Arline Isaacson, a key advocate for LGBTQ issues for years on Beacon Hill, said there's historically been a "disinclination to vote on issues relating to sex, to sexuality to gender identity," but that the House and Senate have taken votes to pass patient privacy and access to abortion services.

"So it’s gotten better, but there’s still a sense, particularly in the House, that they don’t like to take up too many issues having to deal with sexuality," Isaacson said. "And in particular for example, we’ve had a hard time moving bills having to do with sex ed in schools. And that’s been a problem for many years.”

Rep. James O'Day, the House sponsor of the sex ed bill said that earlier in the session, he felt encouraged that the legislation could pass this year. Then, he says, social conservative forces like the Massachusetts Family Institute targeted more conservative House Democrats with what he calls misinformation about the bill.

The Massachusetts Family Institute has distributed materials opposing the sexual education bill, saying it takes decisions over what and when to teach out of the hands of local school districts.

“That then puts some of my colleagues in a place where they don’t feel comfortable voting for the bill, and it just seems you can predict what the emails are going to say, whenever this issue starts to get some traction in the legislature," O'Day told WGBH News.

Cyr says that though each piece of legislation died for different and unconnected reasons, there is still a sense on Beacon Hill that interest groups or demographic communities are only granted one or two major pieces of legislation by Democratic leaders. And that legislative oxygen this session, says Shields was taken up by last year's transgender rights law.

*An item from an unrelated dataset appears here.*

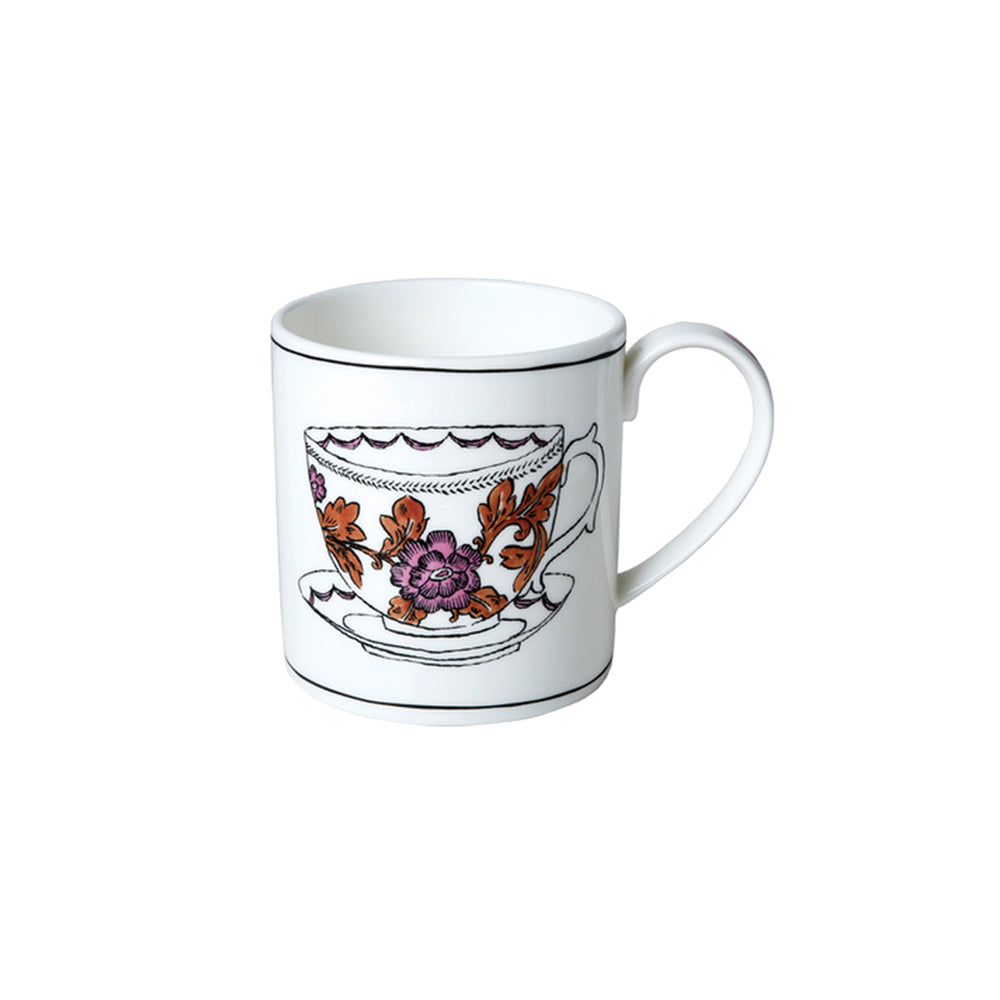 Front view of Heritage Rosa Rugosa mug showcasing purple and orange floral decal and black rim on white background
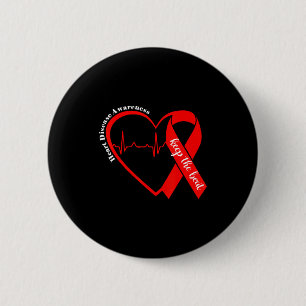 Heart Health Heart Disease Awareness Heartbeat Chd 6 Cm Round Badge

"In 2106, the LGBTQ community got nothing besides the transgender civil rights bill. And we were told blatantly 'you can have this bill, or you can have that bill, but not both.' So it is a little appalling, franky," Shields said.

"I think the important thing that we gotta really work to dislodge is the notion on Beacon Hill that this community, that the LGBT community, that the reproductive rights community, only sort of gets one chit or one bill or one or two bills a session. I think that’s not a great way to do policy-making," Cyr said.

Shields said that for an enormous number of Democrats that support sexual and gender legislation on paper are nervous about taking.

"Anything to do with sexuality makes legislators nervous because they always say their conservative constituents will vote them out of office," Shields said.

And it's not just Democrat-lead efforts on sex and gender that find trouble gaining approval in the Legislature. Republican Gov. Charlie Baker and Lt. Gov. Karyn Polito backed a bill last spring that would create a new category of crime for sharing nude or sexual images of a person without their consent as a way to combat so-called "revenge porn." The bill, which also let youthful offenders off the hook for child pornography charges if a minor distrubtes images of another minor, was supported by many of the state's district attorneys. The bill went nowhere, wasting away in a House committee for over a year before finally dying when the session closed.

Shields suggested that MassEquality could become more involved on House and Senate races to help unseat members resistant to votes on its agenda items.

"In this session we have an enormous number of progressive candidates who are coming forward in all sorts of districts trying to unset incumbents, especially the most conservative ones," Shields said, before quickly adding, "Or even the moderate ones."